- _Your goal_: Copy verbatim the block of lines in the entries below whose first line contains "Krvarenje u mozgu: simptomi, liječenje, posljedice" and whose last line contains "Fig. 3 Direct". Leave out all other lines.

- _Records from a collection_:
________________________

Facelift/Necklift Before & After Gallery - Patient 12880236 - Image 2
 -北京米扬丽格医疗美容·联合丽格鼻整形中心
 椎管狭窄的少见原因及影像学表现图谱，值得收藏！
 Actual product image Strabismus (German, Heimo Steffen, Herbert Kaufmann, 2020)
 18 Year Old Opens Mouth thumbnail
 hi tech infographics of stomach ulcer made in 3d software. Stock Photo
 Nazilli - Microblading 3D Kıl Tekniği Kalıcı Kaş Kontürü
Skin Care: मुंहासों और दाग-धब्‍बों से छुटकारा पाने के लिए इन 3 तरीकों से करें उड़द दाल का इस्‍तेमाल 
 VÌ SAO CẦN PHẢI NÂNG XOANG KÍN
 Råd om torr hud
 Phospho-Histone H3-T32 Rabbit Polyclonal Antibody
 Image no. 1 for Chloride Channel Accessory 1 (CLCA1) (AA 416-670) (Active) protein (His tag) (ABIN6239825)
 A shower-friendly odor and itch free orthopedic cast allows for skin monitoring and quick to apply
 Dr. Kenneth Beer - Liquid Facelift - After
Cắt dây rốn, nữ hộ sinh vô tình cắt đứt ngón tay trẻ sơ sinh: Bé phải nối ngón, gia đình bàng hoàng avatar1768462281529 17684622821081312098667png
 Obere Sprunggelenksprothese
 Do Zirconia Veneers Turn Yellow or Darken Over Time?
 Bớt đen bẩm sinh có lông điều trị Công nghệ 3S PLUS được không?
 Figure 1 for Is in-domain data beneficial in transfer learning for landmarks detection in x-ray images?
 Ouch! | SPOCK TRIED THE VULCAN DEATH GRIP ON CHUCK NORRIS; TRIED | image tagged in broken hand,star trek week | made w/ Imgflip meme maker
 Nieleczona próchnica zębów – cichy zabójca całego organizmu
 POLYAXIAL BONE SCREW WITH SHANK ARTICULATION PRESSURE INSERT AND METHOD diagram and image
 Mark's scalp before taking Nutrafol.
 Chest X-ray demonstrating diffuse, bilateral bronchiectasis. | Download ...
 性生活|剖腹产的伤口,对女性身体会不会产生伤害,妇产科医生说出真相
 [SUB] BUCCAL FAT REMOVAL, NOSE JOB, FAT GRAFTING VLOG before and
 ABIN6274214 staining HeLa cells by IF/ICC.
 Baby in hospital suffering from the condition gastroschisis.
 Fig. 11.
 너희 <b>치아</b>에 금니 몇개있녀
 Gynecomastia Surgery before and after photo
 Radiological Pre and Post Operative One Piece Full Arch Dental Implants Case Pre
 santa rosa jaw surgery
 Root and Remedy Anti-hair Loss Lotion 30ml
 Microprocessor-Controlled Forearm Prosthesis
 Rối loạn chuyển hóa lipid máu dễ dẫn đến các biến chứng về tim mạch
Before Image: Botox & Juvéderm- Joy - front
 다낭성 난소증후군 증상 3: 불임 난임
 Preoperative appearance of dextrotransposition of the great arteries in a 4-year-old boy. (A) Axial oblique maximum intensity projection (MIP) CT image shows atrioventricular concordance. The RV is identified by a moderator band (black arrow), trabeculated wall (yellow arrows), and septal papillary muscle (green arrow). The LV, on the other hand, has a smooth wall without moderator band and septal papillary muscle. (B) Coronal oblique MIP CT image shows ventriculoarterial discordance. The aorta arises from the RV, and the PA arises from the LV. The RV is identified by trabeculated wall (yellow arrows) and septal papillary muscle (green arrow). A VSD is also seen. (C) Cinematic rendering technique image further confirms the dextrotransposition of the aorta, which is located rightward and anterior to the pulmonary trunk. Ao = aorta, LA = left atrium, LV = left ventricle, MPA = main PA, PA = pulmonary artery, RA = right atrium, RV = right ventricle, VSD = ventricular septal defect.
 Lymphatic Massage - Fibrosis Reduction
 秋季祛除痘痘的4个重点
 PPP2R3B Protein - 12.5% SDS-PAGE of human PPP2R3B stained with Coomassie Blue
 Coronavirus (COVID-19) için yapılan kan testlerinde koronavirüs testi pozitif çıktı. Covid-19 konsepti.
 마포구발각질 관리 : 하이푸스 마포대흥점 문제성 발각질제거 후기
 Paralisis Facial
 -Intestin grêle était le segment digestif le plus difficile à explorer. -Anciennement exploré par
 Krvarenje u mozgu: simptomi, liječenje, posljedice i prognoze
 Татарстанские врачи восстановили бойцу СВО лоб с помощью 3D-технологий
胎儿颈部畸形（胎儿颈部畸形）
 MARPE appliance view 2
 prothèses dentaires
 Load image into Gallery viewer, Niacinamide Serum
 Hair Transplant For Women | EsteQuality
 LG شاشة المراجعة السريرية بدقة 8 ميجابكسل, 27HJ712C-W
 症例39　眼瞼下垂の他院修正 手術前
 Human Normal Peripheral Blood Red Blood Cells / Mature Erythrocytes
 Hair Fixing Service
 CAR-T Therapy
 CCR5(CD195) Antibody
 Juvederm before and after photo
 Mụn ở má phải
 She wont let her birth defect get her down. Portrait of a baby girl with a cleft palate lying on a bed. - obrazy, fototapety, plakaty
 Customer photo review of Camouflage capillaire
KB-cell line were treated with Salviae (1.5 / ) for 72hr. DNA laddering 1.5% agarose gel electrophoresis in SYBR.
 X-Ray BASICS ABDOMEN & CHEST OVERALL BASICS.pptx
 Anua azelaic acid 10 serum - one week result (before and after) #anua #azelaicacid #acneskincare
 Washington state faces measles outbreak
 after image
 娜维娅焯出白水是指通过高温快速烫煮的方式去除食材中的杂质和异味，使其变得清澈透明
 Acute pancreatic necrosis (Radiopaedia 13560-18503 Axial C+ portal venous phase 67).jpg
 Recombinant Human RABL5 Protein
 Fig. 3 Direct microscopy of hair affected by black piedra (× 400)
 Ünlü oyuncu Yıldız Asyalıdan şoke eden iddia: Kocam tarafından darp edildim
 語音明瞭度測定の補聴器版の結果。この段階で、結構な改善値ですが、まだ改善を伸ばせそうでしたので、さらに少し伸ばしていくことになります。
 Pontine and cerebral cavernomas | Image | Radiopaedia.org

________________________

- _Exercise result_:
 Krvarenje u mozgu: simptomi, liječenje, posljedice i prognoze
 Татарстанские врачи восстановили бойцу СВО лоб с помощью 3D-технологий
胎儿颈部畸形（胎儿颈部畸形）
 MARPE appliance view 2
 prothèses dentaires
 Load image into Gallery viewer, Niacinamide Serum
 Hair Transplant For Women | EsteQuality
 LG شاشة المراجعة السريرية بدقة 8 ميجابكسل, 27HJ712C-W
 症例39　眼瞼下垂の他院修正 手術前
 Human Normal Peripheral Blood Red Blood Cells / Mature Erythrocytes
 Hair Fixing Service
 CAR-T Therapy
 CCR5(CD195) Antibody
 Juvederm before and after photo
 Mụn ở má phải
 She wont let her birth defect get her down. Portrait of a baby girl with a cleft palate lying on a bed. - obrazy, fototapety, plakaty
 Customer photo review of Camouflage capillaire
KB-cell line were treated with Salviae (1.5 / ) for 72hr. DNA laddering 1.5% agarose gel electrophoresis in SYBR.
 X-Ray BASICS ABDOMEN & CHEST OVERALL BASICS.pptx
 Anua azelaic acid 10 serum - one week result (before and after) #anua #azelaicacid #acneskincare
 Washington state faces measles outbreak
 after image
 娜维娅焯出白水是指通过高温快速烫煮的方式去除食材中的杂质和异味，使其变得清澈透明
 Acute pancreatic necrosis (Radiopaedia 13560-18503 Axial C+ portal venous phase 67).jpg
 Recombinant Human RABL5 Protein
 Fig. 3 Direct microscopy of hair affected by black piedra (× 400)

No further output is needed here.